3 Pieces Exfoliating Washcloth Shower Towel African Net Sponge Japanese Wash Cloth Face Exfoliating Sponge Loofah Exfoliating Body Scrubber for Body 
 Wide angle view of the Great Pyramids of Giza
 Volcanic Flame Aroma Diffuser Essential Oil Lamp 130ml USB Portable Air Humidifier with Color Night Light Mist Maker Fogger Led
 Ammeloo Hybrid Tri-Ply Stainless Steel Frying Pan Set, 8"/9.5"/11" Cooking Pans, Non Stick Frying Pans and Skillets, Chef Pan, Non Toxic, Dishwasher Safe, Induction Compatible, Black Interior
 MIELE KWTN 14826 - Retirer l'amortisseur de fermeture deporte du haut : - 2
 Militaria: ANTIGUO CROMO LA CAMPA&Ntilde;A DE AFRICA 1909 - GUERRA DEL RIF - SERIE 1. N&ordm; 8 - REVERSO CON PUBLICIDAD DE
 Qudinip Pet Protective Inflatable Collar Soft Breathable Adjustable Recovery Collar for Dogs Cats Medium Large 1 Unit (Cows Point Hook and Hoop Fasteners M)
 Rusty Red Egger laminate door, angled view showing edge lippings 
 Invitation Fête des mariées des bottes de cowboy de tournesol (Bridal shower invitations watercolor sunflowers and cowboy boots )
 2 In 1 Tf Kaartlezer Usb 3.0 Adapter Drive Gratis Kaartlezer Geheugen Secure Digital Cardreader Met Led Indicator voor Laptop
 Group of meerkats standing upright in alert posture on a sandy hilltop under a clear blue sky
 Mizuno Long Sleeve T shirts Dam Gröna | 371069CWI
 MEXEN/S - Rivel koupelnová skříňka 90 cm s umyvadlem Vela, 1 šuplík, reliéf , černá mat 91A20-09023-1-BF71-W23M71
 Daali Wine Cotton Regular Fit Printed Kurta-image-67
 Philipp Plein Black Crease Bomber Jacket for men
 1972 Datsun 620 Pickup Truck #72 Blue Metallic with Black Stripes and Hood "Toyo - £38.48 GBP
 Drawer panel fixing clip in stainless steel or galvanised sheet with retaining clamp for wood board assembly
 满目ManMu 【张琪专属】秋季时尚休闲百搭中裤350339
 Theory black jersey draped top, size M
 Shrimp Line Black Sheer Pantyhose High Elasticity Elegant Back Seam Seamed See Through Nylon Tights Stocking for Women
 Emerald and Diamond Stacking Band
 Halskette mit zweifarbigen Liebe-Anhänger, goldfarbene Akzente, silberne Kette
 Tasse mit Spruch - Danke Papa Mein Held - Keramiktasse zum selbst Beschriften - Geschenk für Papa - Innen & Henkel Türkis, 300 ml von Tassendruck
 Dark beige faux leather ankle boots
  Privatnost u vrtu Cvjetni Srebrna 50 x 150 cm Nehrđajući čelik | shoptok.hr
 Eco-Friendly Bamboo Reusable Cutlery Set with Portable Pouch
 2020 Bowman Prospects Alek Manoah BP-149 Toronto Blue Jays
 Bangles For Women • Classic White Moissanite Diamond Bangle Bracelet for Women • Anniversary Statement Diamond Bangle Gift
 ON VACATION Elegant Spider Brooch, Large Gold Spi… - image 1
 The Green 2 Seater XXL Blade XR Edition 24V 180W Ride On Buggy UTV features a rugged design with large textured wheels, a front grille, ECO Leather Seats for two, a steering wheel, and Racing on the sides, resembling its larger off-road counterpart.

|---|

ACTIVITY — From the records above, copy only the lines starting with the line that holds "Philipp Plein Black" and going on through the line that holds "Privatnost u vrtu", exactly as written.

COMPLETED EXERCISE —
 Philipp Plein Black Crease Bomber Jacket for men
 1972 Datsun 620 Pickup Truck #72 Blue Metallic with Black Stripes and Hood "Toyo - £38.48 GBP
 Drawer panel fixing clip in stainless steel or galvanised sheet with retaining clamp for wood board assembly
 满目ManMu 【张琪专属】秋季时尚休闲百搭中裤350339
 Theory black jersey draped top, size M
 Shrimp Line Black Sheer Pantyhose High Elasticity Elegant Back Seam Seamed See Through Nylon Tights Stocking for Women
 Emerald and Diamond Stacking Band
 Halskette mit zweifarbigen Liebe-Anhänger, goldfarbene Akzente, silberne Kette
 Tasse mit Spruch - Danke Papa Mein Held - Keramiktasse zum selbst Beschriften - Geschenk für Papa - Innen & Henkel Türkis, 300 ml von Tassendruck
 Dark beige faux leather ankle boots
  Privatnost u vrtu Cvjetni Srebrna 50 x 150 cm Nehrđajući čelik | shoptok.hr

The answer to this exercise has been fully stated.